Start of Records provided
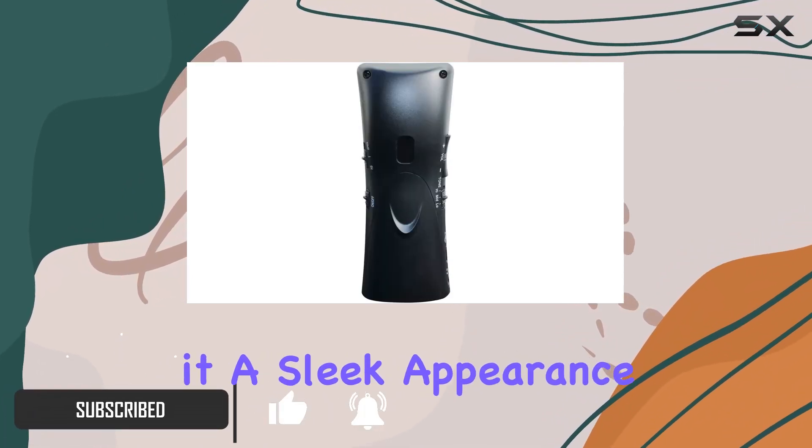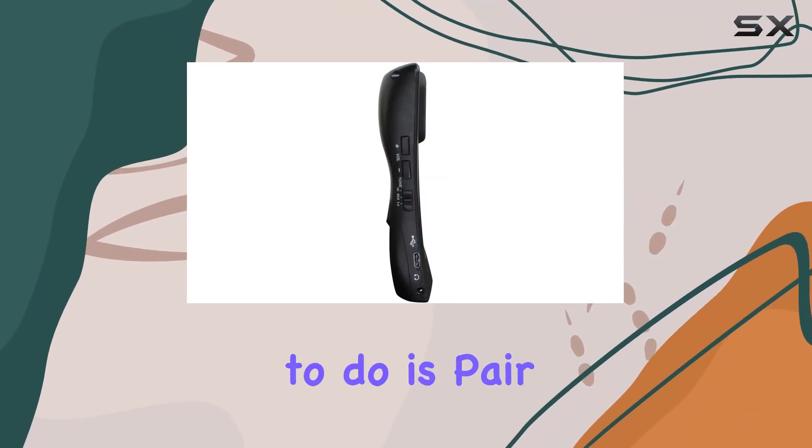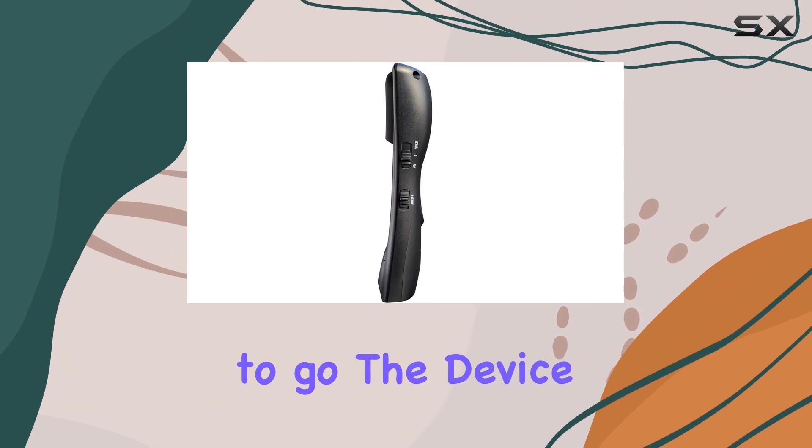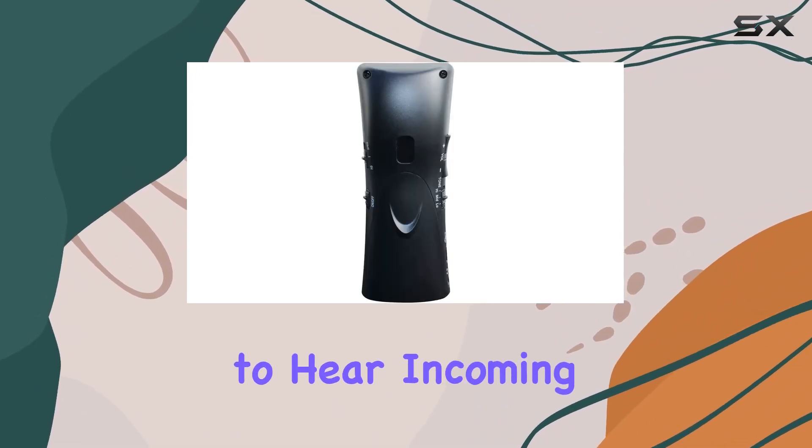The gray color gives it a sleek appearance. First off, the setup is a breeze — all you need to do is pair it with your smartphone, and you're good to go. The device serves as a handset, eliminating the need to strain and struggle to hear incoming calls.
End of Records provided
Start of Records provided
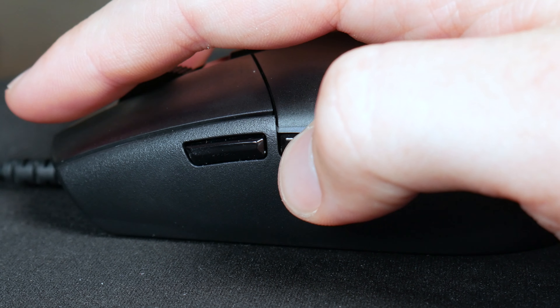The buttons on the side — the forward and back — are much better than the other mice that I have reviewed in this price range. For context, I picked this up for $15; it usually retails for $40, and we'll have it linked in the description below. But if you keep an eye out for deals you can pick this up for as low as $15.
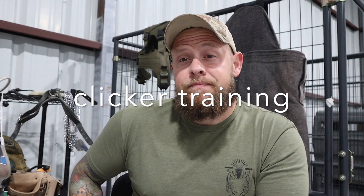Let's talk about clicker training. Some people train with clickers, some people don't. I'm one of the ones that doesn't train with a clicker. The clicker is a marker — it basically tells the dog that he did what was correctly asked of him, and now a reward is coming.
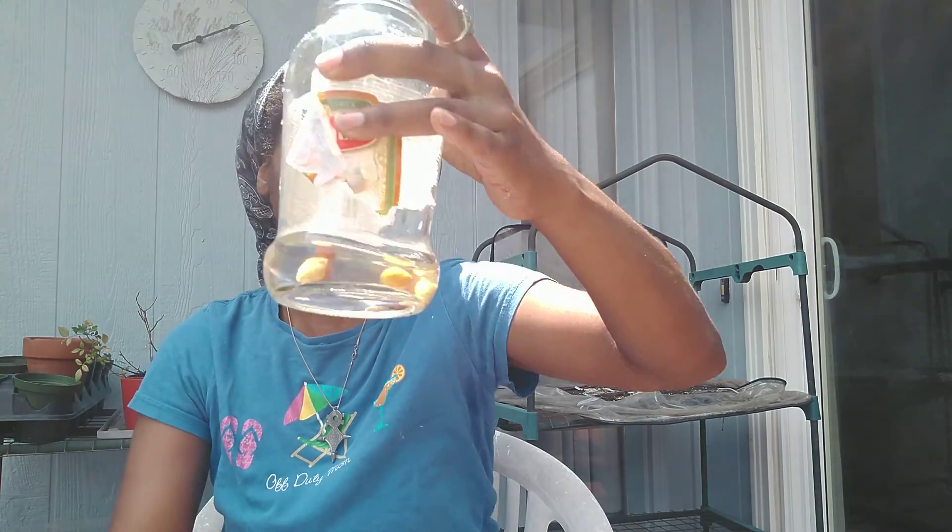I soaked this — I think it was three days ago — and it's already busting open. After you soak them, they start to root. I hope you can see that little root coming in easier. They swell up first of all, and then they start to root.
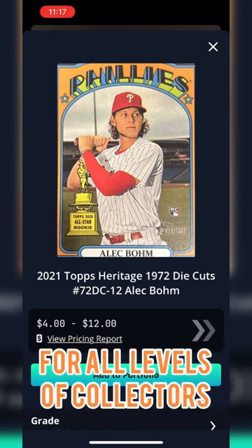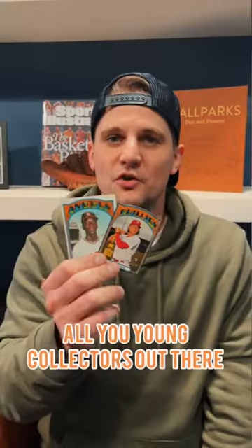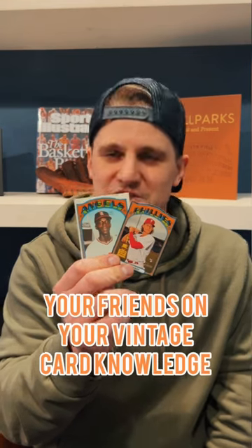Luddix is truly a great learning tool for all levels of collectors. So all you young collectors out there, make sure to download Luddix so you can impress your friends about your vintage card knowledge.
End of Records provided
> What this task involves
Copy out exactly the material that runs from the line with "The buttons on" to the line with "Luddix is truly", ends included, and leave the pictures behind.

> Your response
The buttons on the side — the forward and back — are much better than the other mice that I have reviewed in this price range. For context, I picked this up for $15; it usually retails for $40, and we'll have it linked in the description below. But if you keep an eye out for deals you can pick this up for as low as $15.
Let's talk about clicker training. Some people train with clickers, some people don't. I'm one of the ones that doesn't train with a clicker. The clicker is a marker — it basically tells the dog that he did what was correctly asked of him, and now a reward is coming.
I soaked this — I think it was three days ago — and it's already busting open. After you soak them, they start to root. I hope you can see that little root coming in easier. They swell up first of all, and then they start to root.
Luddix is truly a great learning tool for all levels of collectors. So all you young collectors out there, make sure to download Luddix so you can impress your friends about your vintage card knowledge.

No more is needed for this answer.